US President Donald Trump backed away from directly targeting Chinese investors in his effort to prevent acquisitions of advanced US technology from becoming a national security threat.
Trump said proposed legislation that will expand the mandate of the Committee on Foreign Investment in the United States (CFIUS) – an inter-department government body – would help meet the objectives of his plan to restrict the transfer of US technology to China.
The legislation, the Foreign Investment Risk Review Modernisation Act (FIRRMA), was added to the National Defence Authorisation Act, a defence spending bill passed by the US Senate last week. On Tuesday, the US House of Representatives passed their version of the bill, which will need to be reconciled with the Senate version.
FIRRMA “will provide additional tools to combat the predatory investment practices that threaten our critical technology leadership, national security and future economic prosperity”, Trump said in an official White House announcement on Wednesday.

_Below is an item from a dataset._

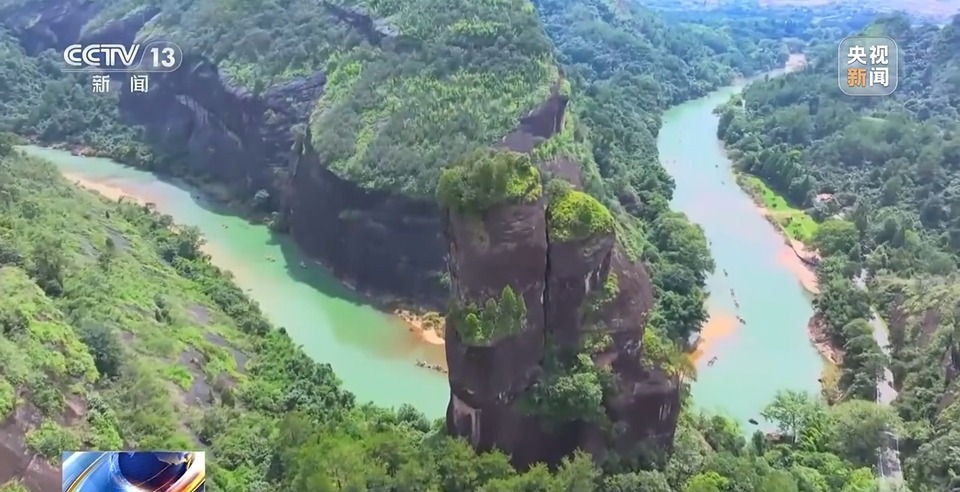 赏茶、观景、游古建……武夷山真的太全面了！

“Therefore, upon enactment of FIRRMA legislation, I will direct my administration to implement it promptly and enforce it rigorously, with a view toward addressing the concerns regarding state-directed investment in critical technologies identified in the Section 301 investigation.”
The statement follows Trump’s June 8 announcement that he would provide more details by June 30 on a plan for restricting Chinese investments in the US.
Republican Senator John Cornyn said in a statement on Wednesday: “I appreciate the president’s support for strong legislation to modernise CFIUS so we can guard against attempts, particularly by China, to acquire sensitive technology and know-how through US investments.”
Representative Maxine Waters, a Democrat, also lauded FIRRMA as a way to check China’s efforts to pull ahead of the US in technological competitiveness.
“The primary concern here is China’s industrial policy and efforts to invest in early-stage cutting-edge technologies with potential military applications, including artificial intelligence and robotics, in part to advance China’s military modernisation and diminish technological advantage,” Waters said on Tuesday, after the House of Representatives passed their version of FIRRMA.
Trump’s plan to curb Chinese investment in America is part of a broader effort by his administration to coerce Beijing to change rules that limit foreign firms’ access to Chinese markets and force them to transfer valuable proprietary technology to local joint venture partners, particularly in the finance and manufacturing sectors.
The US president also wants China to end its industrial policy, known as “Made in China 2025”, which provides some US$300 billion worth of government-directed support for domestic companies developing advanced technologies, including telecom equipment makers ZTE and Huawei.
“It is no secret that China has been working tirelessly to become a global tech leader,” said Theresa Payton, former White House chief information officer under President George W. Bush.
“The Chinese government is on a mission to achieve technological hegemony, with American tech and intellectual property often the victim,” she said. “President Trump and Washington agree that China’s new Made in China 2025 report gives Chinese hi-tech companies an unfair advantage.”
Some US media reports earlier this week said Trump was planning to sign an executive order specifically targeting Chinese investors looking to acquire technologies with applications for new-energy vehicles, robotics and the aerospace sector.
Speaking in a CNBC interview on Wednesday moments after the White House announcement, Mnuchin called those reports “unfortunate” and inaccurate.
Henrietta Treyz, a managing partner at Washington-based investment consultancy Veda Partners, said in a research note that the Treasury Department “either couldn’t or wouldn’t seek to impose caps on Chinese investment in the US in the same manner China restricts US ownership of Chinese companies, because of opposition from the business community, the defence department and Treasury Secretary Mnuchin”.
A rise on the major US stock indices on Wednesday after the White House announcement suggested the market viewed the softening of the threatened Chinese investment curbs as “an upside surprise”, Treyz said.
Trump’s deference to Congress in his effort to address concerns about Chinese acquisitions of US technology gives FIRRMA a better chance of becoming law.
FIRRMA would require more companies that invest in, or form joint ventures with, certain US businesses, not only to submit to a review by CFIUS, but to pay the agency at least US$300,000 for the work. The equity threshold triggering a mandatory CFIUS review would drop to as low as 10 per cent for some transactions, from 50 per cent now.
In its current form, CFIUS had already become more active in blocking proposed US investments by Chinese companies over the past year.
Chinese private equity firm Canyon Bridge Capital Partners’ proposal to buy US chip maker Lattice Semiconductor Corp for US$1.3 billion and Ant Financial’s attempt to buy MoneyGram International for US$1.2 billion were both blocked by Trump on CFIUS’ recommendation.
Ant Financial is an affiliate of Alibaba Group, which owns the South China Morning Post.
Trump’s support for giving CFIUS full rein to oversee foreign investments could help his negotiations with Congress aimed at keeping Chinese telecom company ZTE alive.
Debate over the CFIUS provision has been rolled into discussions on how to deal with the Chinese company. The passage of the provision could give Congress political cover if they accede to Trump’s request to drop the effort to reinstate the ban on the company.